Been feeling quite overwhelmed with balancing work and home the last couple of weeks. I work 4 days a week, DH works full time and we have an 18mo DS. I am out of the house 7.30am-5.15pm, while DH works from home.
In some respects, we share things 50:50 eg nursery drop offs, bedtimes, cooking meals, ordering food etc. However, I do all of the laundry, cleaning, cleaning out the guinea pig cage and most of the day-to-day tidying. In addition, I sometimes find myself finishing off DH's jobs, for example he will do the washing up but leave things that don't fit in the dish rack, and won't wipe down the worktop. On the other hand, DH does do some other jobs that I don't eg. mowing the lawn (not now obv) and the occasional DIY job.
I seem to find myself rushing around before and after work and not really spending much time with DS. Things feel a bit frantic. Sometimes he is a pain to put to bed, and then I come downstairs and find there are still dishes to do etc.
I mentioned to DH that it would help me if he picked up some more of the chores.
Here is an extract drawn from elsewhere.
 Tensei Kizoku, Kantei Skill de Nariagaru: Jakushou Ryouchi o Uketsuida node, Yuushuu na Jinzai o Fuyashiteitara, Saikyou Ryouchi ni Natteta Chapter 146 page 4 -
He said a surly ok, but said it wouldn't help me as I would just find other things to do. It's as if he thinks that a lot of the things I do aren't necessary or important. So not only do I feel that he doesn't appreciate what I do, but it's almost like a negative that I spend time doing it rather than spending time with him!
And I do not have particularly high standards with regard to cleanliness. Vacuuming is done once a week, or once every two weeks for upstairs. Bathrooms once a week. Sheets changed every 2-3 weeks. Dusting and mopping every 2 weeks.